▶
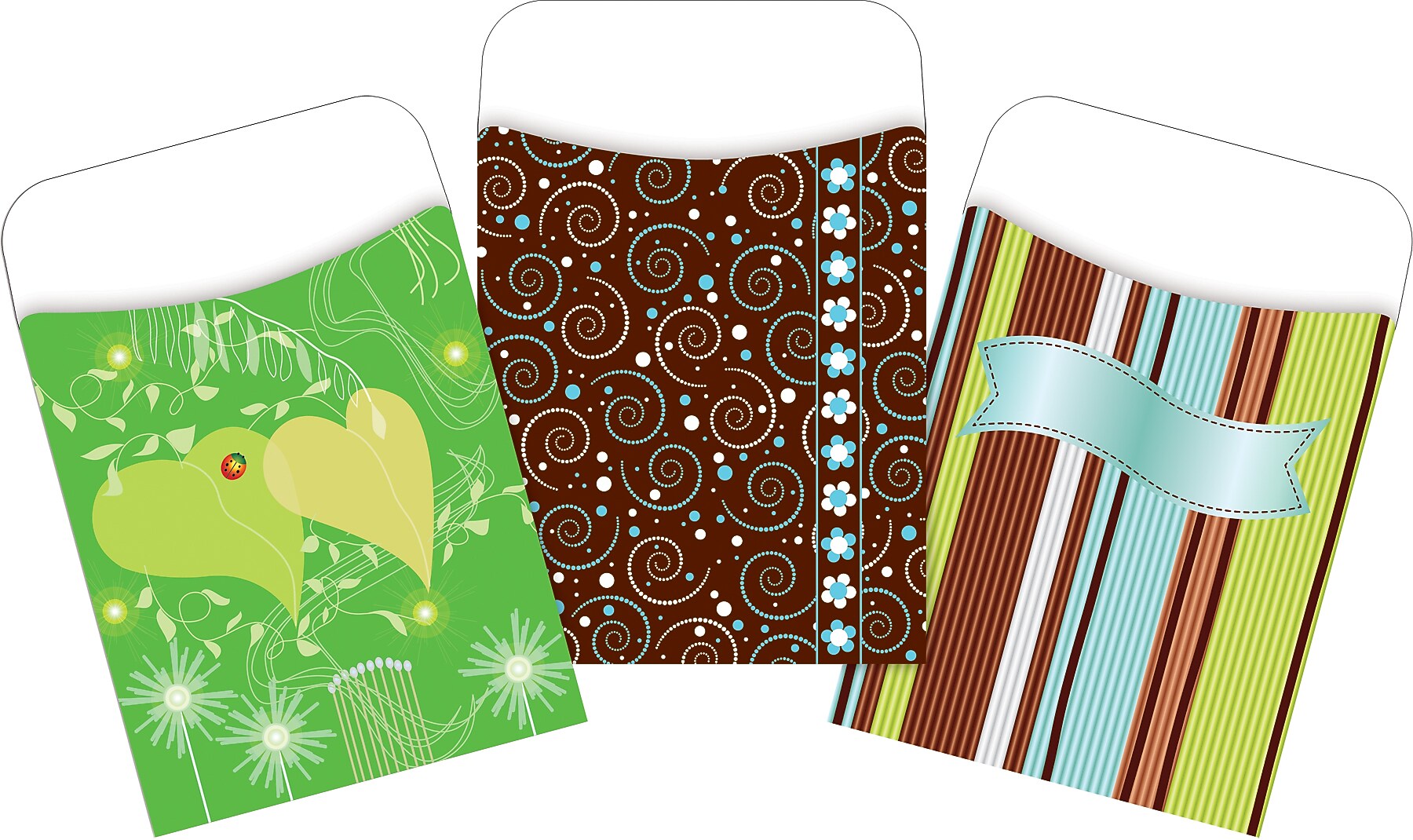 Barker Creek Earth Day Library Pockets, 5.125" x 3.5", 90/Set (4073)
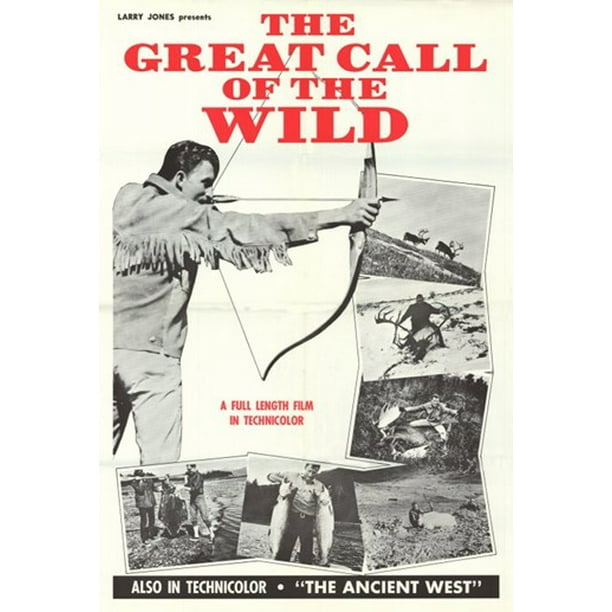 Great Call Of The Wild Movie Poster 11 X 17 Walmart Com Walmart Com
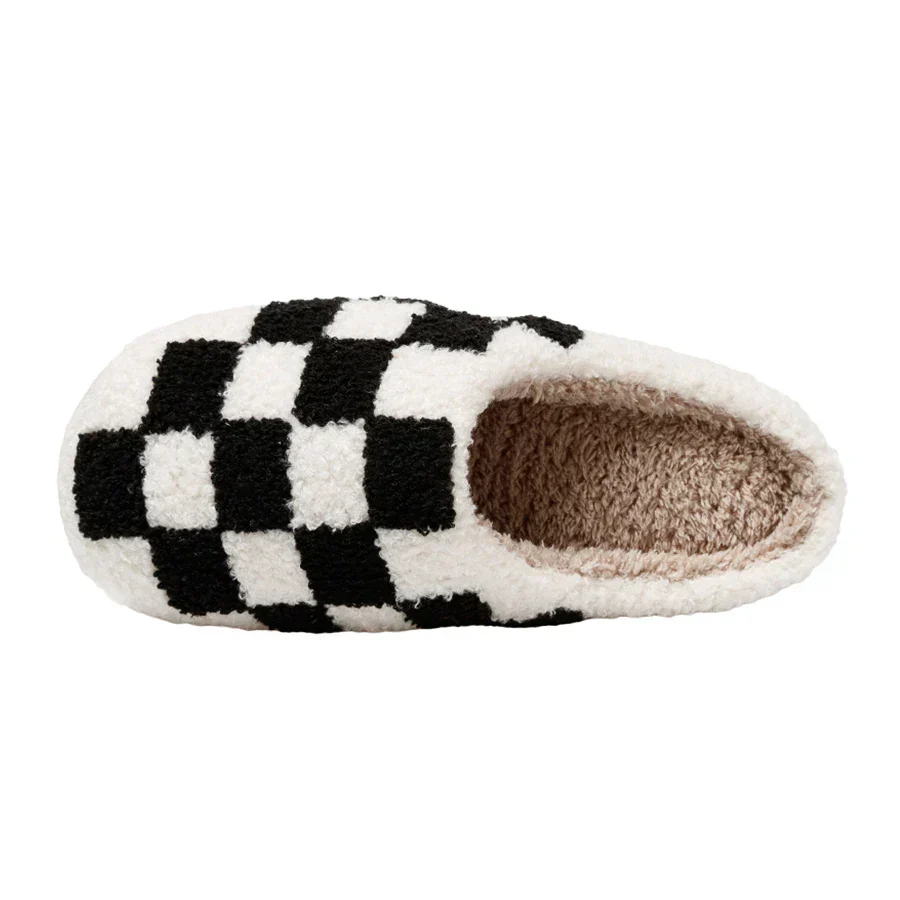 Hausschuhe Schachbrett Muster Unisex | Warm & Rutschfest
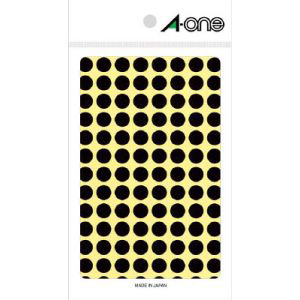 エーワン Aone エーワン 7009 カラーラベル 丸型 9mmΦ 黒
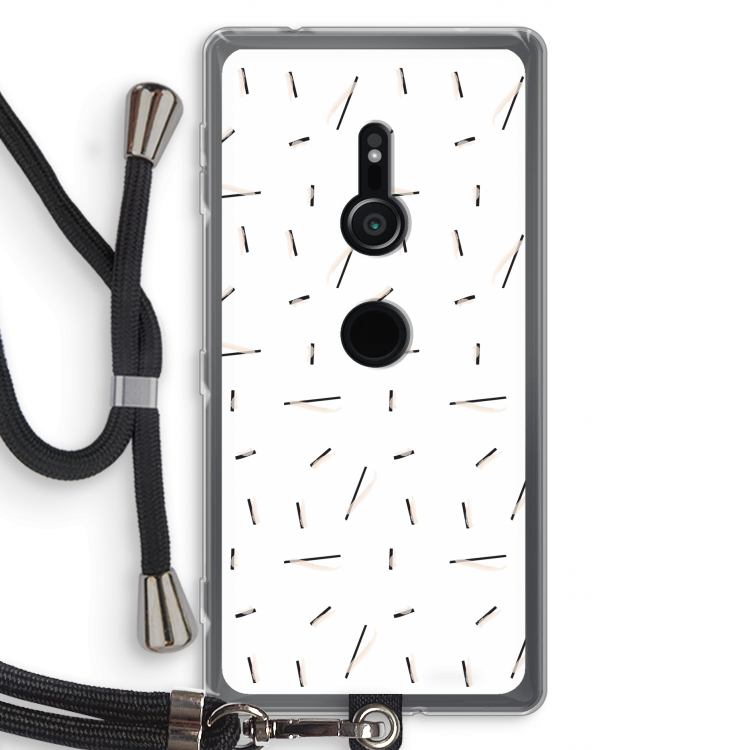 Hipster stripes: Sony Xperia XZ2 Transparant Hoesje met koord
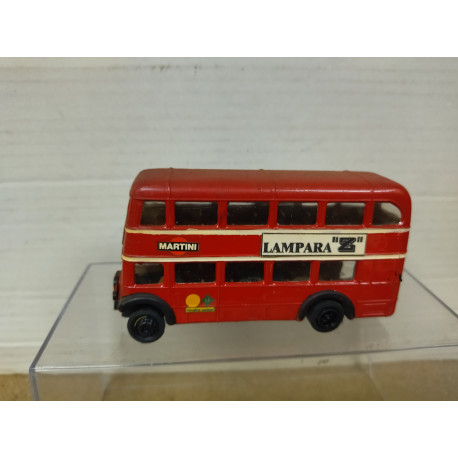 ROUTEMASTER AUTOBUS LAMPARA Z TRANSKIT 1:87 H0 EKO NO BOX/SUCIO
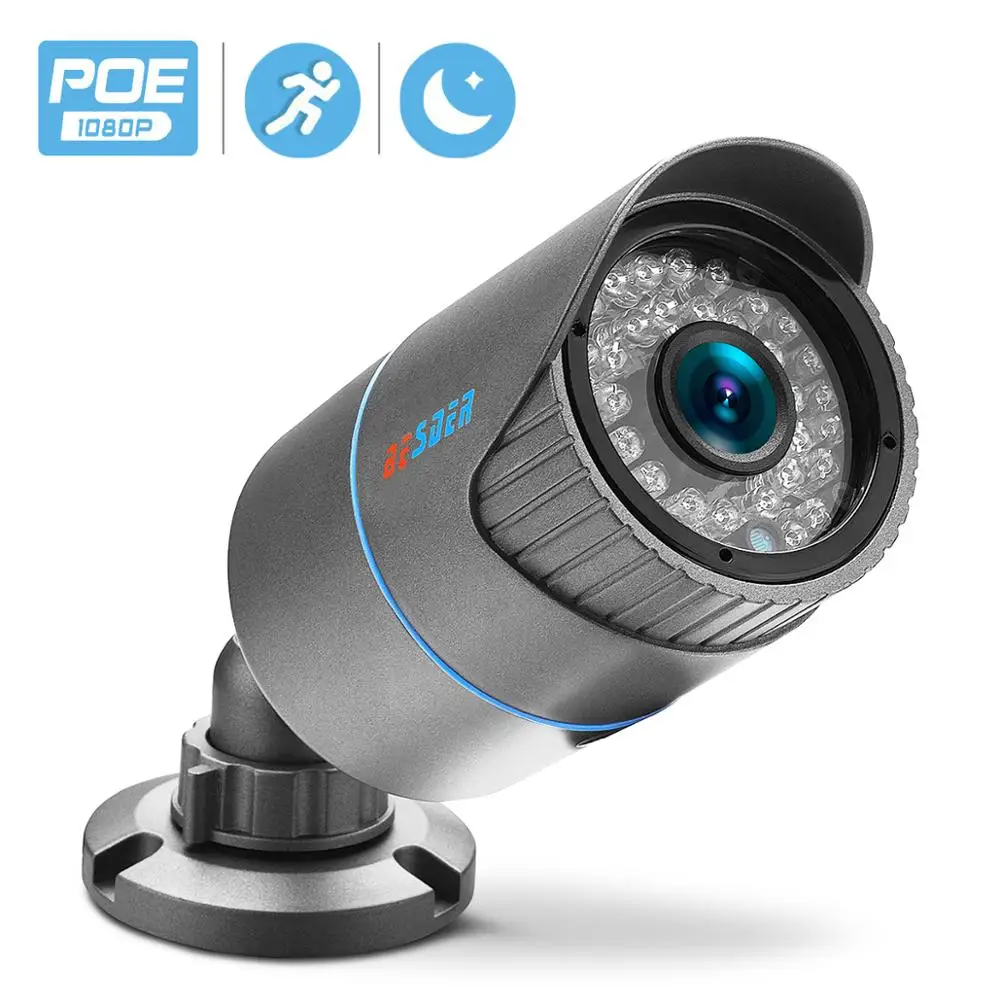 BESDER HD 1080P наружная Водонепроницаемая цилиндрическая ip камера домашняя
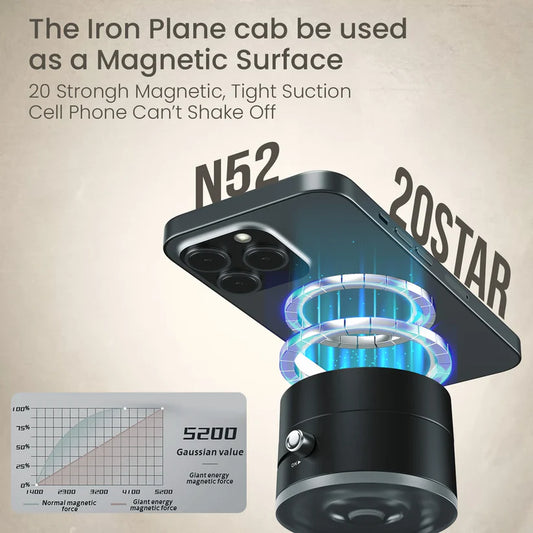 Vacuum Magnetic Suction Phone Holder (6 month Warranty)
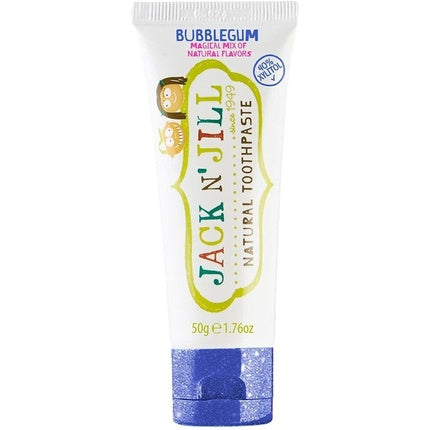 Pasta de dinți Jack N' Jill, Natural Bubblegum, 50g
◀
(Task instructions) Before handing back the copy, remove the pictures; otherwise print the data exactly.

(Exercise answer)
 Barker Creek Earth Day Library Pockets, 5.125" x 3.5", 90/Set (4073)
 Great Call Of The Wild Movie Poster 11 X 17 Walmart Com Walmart Com
 Hausschuhe Schachbrett Muster Unisex | Warm & Rutschfest
 エーワン Aone エーワン 7009 カラーラベル 丸型 9mmΦ 黒
 Hipster stripes: Sony Xperia XZ2 Transparant Hoesje met koord
 ROUTEMASTER AUTOBUS LAMPARA Z TRANSKIT 1:87 H0 EKO NO BOX/SUCIO
 BESDER HD 1080P наружная Водонепроницаемая цилиндрическая ip камера домашняя
 Vacuum Magnetic Suction Phone Holder (6 month Warranty)
 Pasta de dinți Jack N' Jill, Natural Bubblegum, 50g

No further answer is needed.